Note: This was cross-posted to my own blog.
I came across a very encouraging article in last week’s MMWR (the CDC’s Morbidity and Mortality Weekly Report) this morning about polio eradication. After several reappearances in 2013, cases are down again this year and, if things continue to go well, the end may be in sight:
Four of six WHO regions have been certified as free of indigenous WPV, and endemic transmission of WPV continued in only three countries in 2014. In 2013, the global polio eradication effort suffered setbacks with outbreaks in the Horn of Africa, Central Africa, and the Middle East; however, significant progress was made in 2014 in response to all three outbreaks. Nonetheless, the affected regions remain vulnerable to WPV re-importation from endemic areas and to low-level, undetected WPV circulation. Continued response activities are needed in these regions to further strengthen AFP surveillance and eliminate immunity gaps through high-quality SIAs and strong routine immunization programs.
Progress in Nigeria since 2012 has brought the goal of interrupting the last known chains of indigenous WPV transmission in Africa within reach. Elimination of all poliovirus transmission in Nigeria in the near term is feasible, through intensified efforts to 1) interrupt cVDPV2 transmission, 2) strengthen routine immunization services, and 3) increase access to children in insecure areas. Similar efforts should be implemented in all countries in Africa, where 9 months have passed without a reported WPV case, and 6 months have passed since the last reported cVDPV2 case.
The eradication push has suffered major blows in the last two years. In 2013, after six years of being polio-free, a major outbreak in Somalia contributed more polio cases to the year’s tally than the rest of the world combined; meanwhile, the virus made its way back into Syria that same fall after a 14-year hiatus. Luckily, extraordinary efforts in the midst of conflict zones on the part of health workers were able to beat the virus back to the heart of the fight – the final three countries in which it remains endemic.
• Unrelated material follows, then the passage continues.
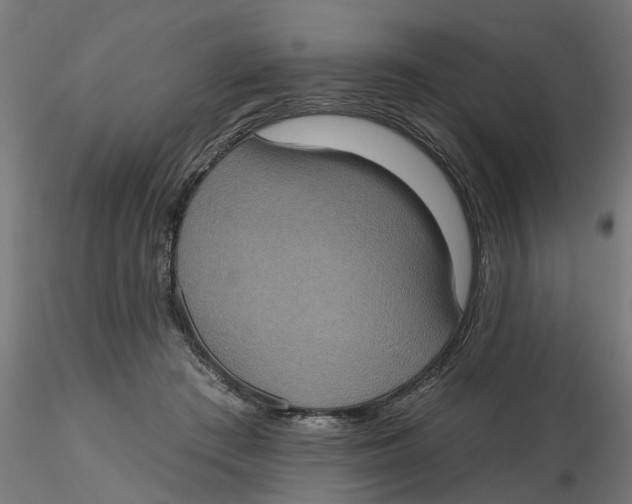 X0000116770409201001071220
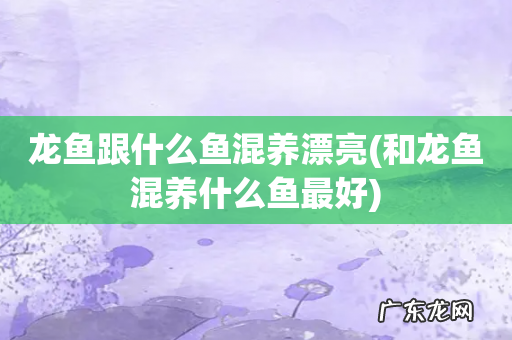 和龙鱼混养什么鱼最好 龙鱼跟什么鱼混养漂亮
Most (86%) WPV cases in Afghanistan in 2014 resulted from importation from Pakistan; however, the detection of orphan viruses highlights the need to strengthen the quality of both polio vaccination and AFP surveillance (10). Efforts are also needed to increase population immunity by intensifying routine polio immunization activities to ensure high coverage among infants with at least 3 OPV doses.
Recent challenges to the secure operation and public acceptance of the polio eradication program in Pakistan are unprecedented (10). Although poliovirus transmission has been concentrated primarily in the FATA region of northwest Pakistan, transmission has continued in the greater Karachi area, and WPV cases have been reported from all major Pakistan provinces. Successful efforts to enhance security to protect health workers and increase public demand for vaccination are urgently needed.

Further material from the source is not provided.